I tell you, it’s a great show!

I trust our special operatives in the field to know under which extraordinary circumstances they need to go Bauer.

I spent a couple days many years ago with some Navy SEALS and a finer and more admirable group of men I’ve never met. They were boisterous, warm and fun. Knowing that they’d been trained to kill me dozens of different ways only enhanced my admiration (not to mention my manners).

I’d trust my life and the lives of my loved ones to them.

Hell, that’s what we all do.

These are the men I want making the front-line decisions about when they have to cross a line they’ll have to live with both legally and morally. I don’t want unscarred chicken hawks like John Yoo, David Addington and Dick Cheney pushing institutionalized torture from deep inside the White House to compensate for whatever masculine shortcomings about which are best left to the Freudians.

I’d be more likely to bend on torture if anyone could convince me it worked. But it doesn’t. CIA memos indicate the result is similar to what happens in the great 1976 thriller, “Marathon Man.”

The movie features a Nazi dentist -- and has there ever been a more villainous job description? -- played by Lawrence Olivier bent on orally torturing Hoffman into revealing the secret location of a hidden cache of jewels.

One scene shows Olivier ripping up Hoffman’s mouth and repeatedly asking with bone-chilling calm, “Is it safe?”

Hoffman, his gums and teeth full of drilled vacancies, is an innocent with no idea what the hell he’s talking about. He just keeps vacillating between frantically telling his torturer, “Yes! It’s perfectly safe!” And “No! It’s not safe! It’s very dangerous! Help! Help!”

In the end the bad guys get their bloody comeuppance.

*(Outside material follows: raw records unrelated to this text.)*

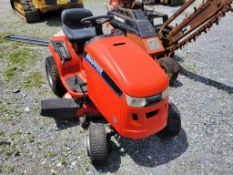 2009 Snapper LT200 Riding Tractor 'AS-IS'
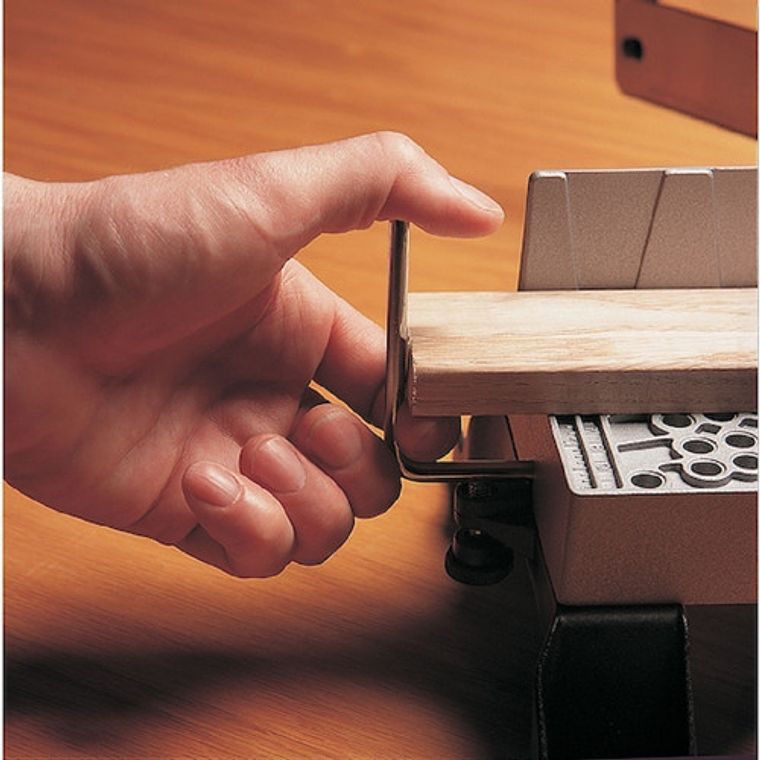 Caja De Inglete Prensadora C/serrucho (20-800) Stanley 6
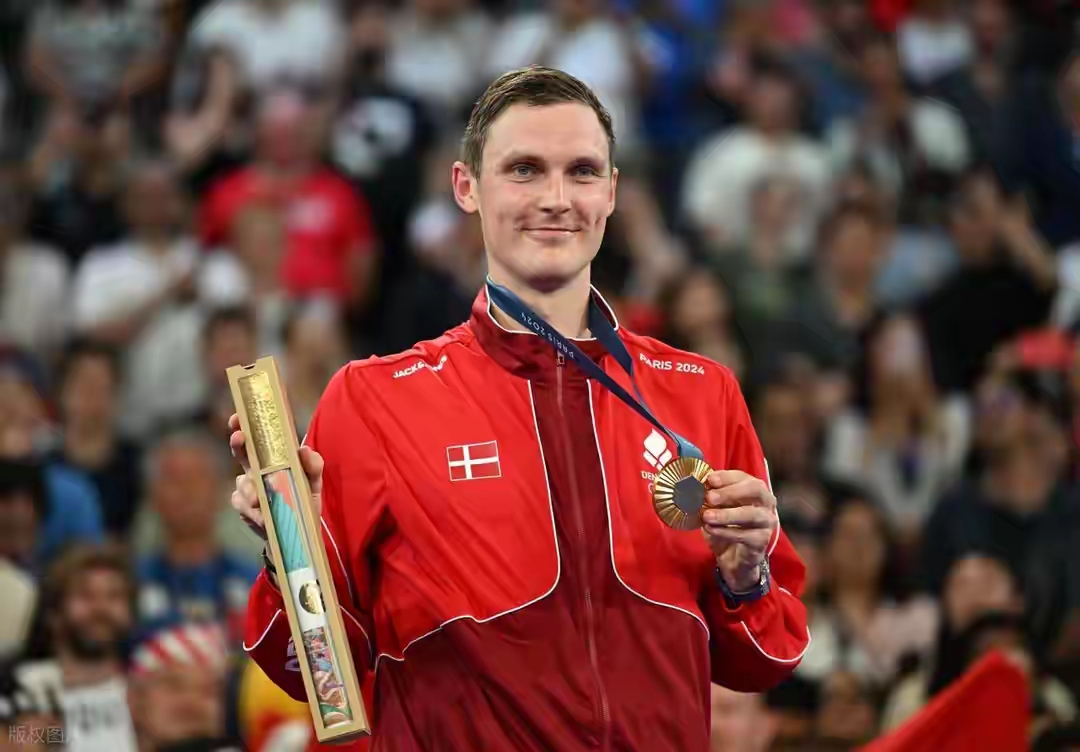 丹麦队横扫韩国队，安赛龙惊艳四座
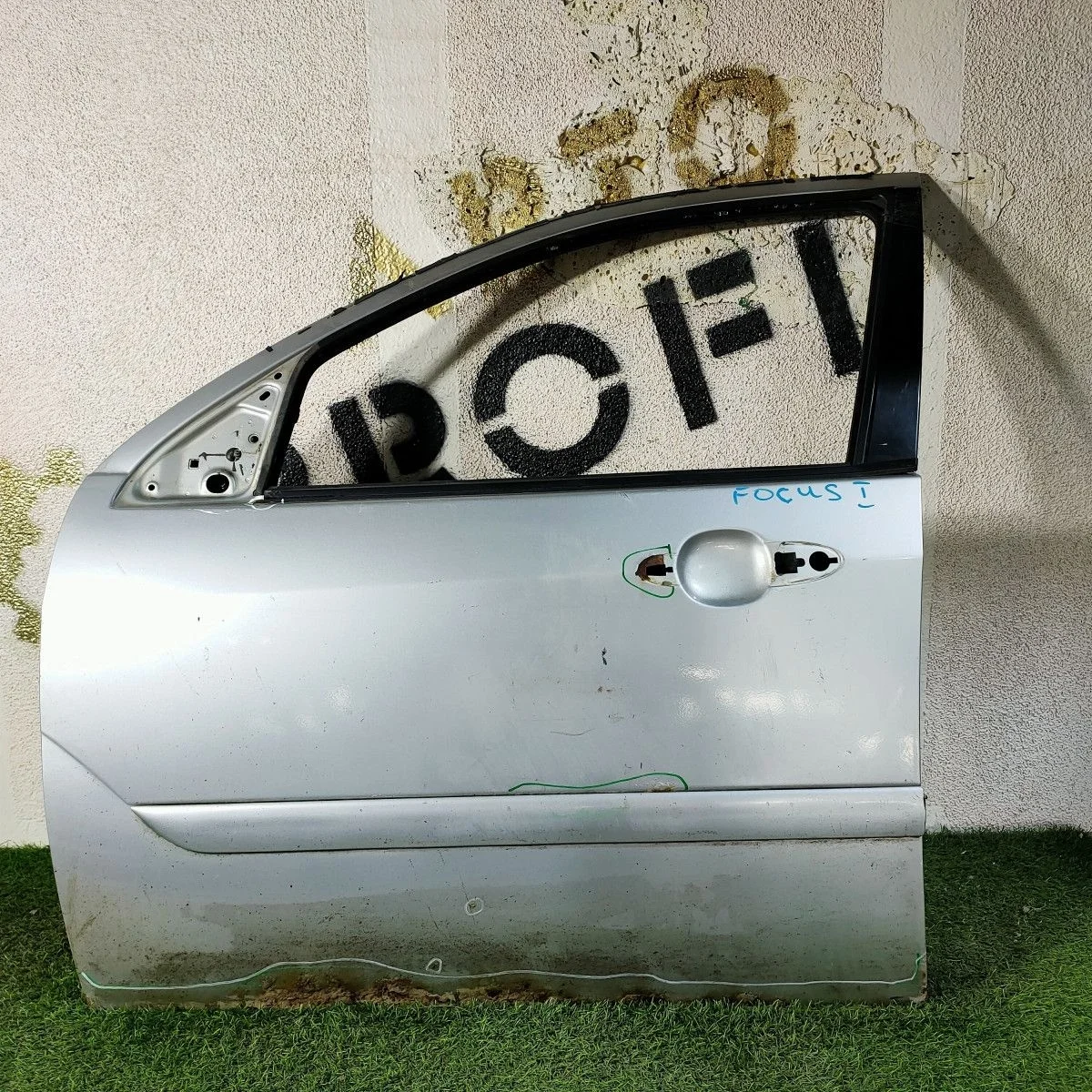Дверь передняя левая для Ford Focus (I) I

And that’s what I’m confident will happen with what Bush liked to call the War on Terror. The good guys will win.

I just want to make sure we’re the good guys. We always win when we’re the good guys.

In October 2007, the Washington Post did a great story asking two dozen top World War II interrogators about their work vital prying information from hostile Nazi prisoners.

They didn’t water board. They played board games.

“We got more information out of a German general with a game of chess or Ping-Pong than they do today with their brutal torture,” said MIT physicist Henry Kolm who’d been assigned to pry information from Hitler’s deputy, Rudoph Hess. “Torture just doesn’t work.”

So I’ll climb off my stump again for now and promise, Kyle, that I’ll come back in the next day or so with something silly about my socks or my nose hairs.